Does migrating to Apple's new Photos app actually double my storage requirements?
Short answer, no. The measuring tool you are using doesn't take the time to deduct the space saved when files are hard linked, so it over-counts the space used.
The Libraries are using 'hard links' to the real location of the files, so both appear to be approximately the same size, but each actual photo is only located in one place on your hard drive, with pointers from both Libraries.
Deleting either Library will not affect the storage space, only deleting both would actually remove the 50GB of data from your drive.
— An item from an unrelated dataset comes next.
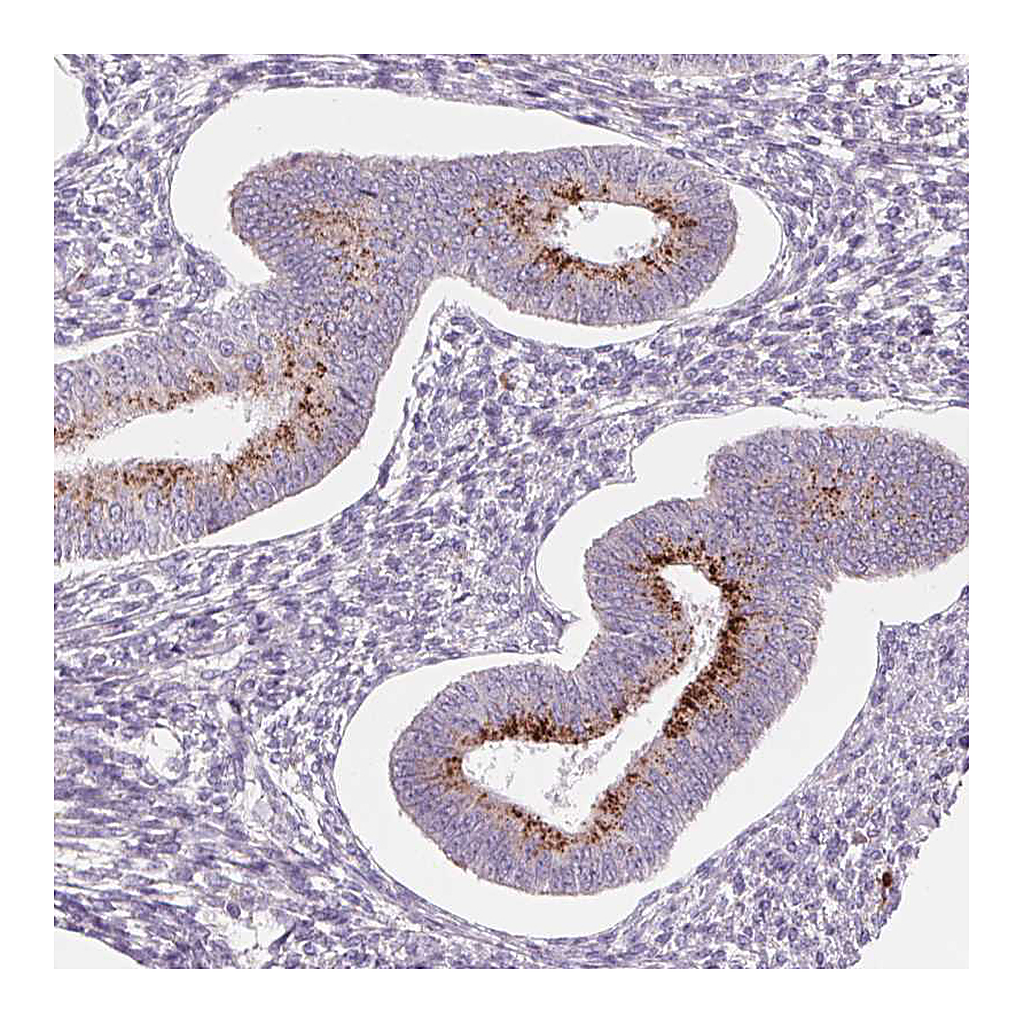 Atlas Antibodies Anti-SAMD5 Antibody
See: Photos saves disk space by sharing images with your iPhoto or Aperture libraries
More on hard links from Ars Technica:
A hard link is simply a reference to some data on disk. Think of a file as a combination of a name and a pointer to some data. Deleting a file really means deleting the name portion of that duo. When there are no more names pointing to a particular piece of data disk, then that disk space can be reused."
If you work hard to clean up your photos after switching to the photos app, or tell iCloud photos to optimize disk usage, then your disk usage will actually go up, because the iPhoto library will still point to the old files, and they will not be deleted from the drive until you delete the old iPhoto library.
I was just working on a Macbook Air that had a nearly full drive. No matter what I did to reduce the size of the photo library, disk space just kept going down. Deleting the old iPhoto library freed up 20GB of space!
Ok, I believe it takes up double space. I just deleted my iPhoto Library.migratedphotolibrary which was about 90gig of space. HD went from having 220gig of free space to having now 316gig. So I freed up about 90gig of space. Plus when I went to empty the trash folder it took a few minutes.
I've spent a lot of time to solve this issue and hope this it can help even if it's not the most common cause of the issue.
The problem for me here is to know if Photos and iPhotos store your photos twice in two different spaces of your hard drive or only one with a symbolic link.
I said that to me this is two different places (and it is not a good thing) If you look at the sizes of a particular picture in both directories, they are not the same. Thus to me it is not the same object (a hard link would have EXACTLY the same size) If you do 'ls -lha' for these 2 files (same picture):
/Users/doubelle/Pictures/iPhoto Library.migratedphotolibrary/Data/2015/01/18/20150118-110234/2pfRkFdYTrSDeax1Tqq6DQ
/Users/doubelle/Pictures/Photos Library.photoslibrary/Data/2015/01/18/20150118-110234/2pfRkFdYTrSDeax1Tqq6DQ
You obtain these different file sizes
-rw-r--r--@ 1 doubelle staff 38199 1 jul 22:47 IMG_0762.jpg
-rw-r--r--@ 1 doubelle staff 37136 1 jul 22:48 IMG_0762_migrated.jpg
That way you can know if a file is linked or duplicated.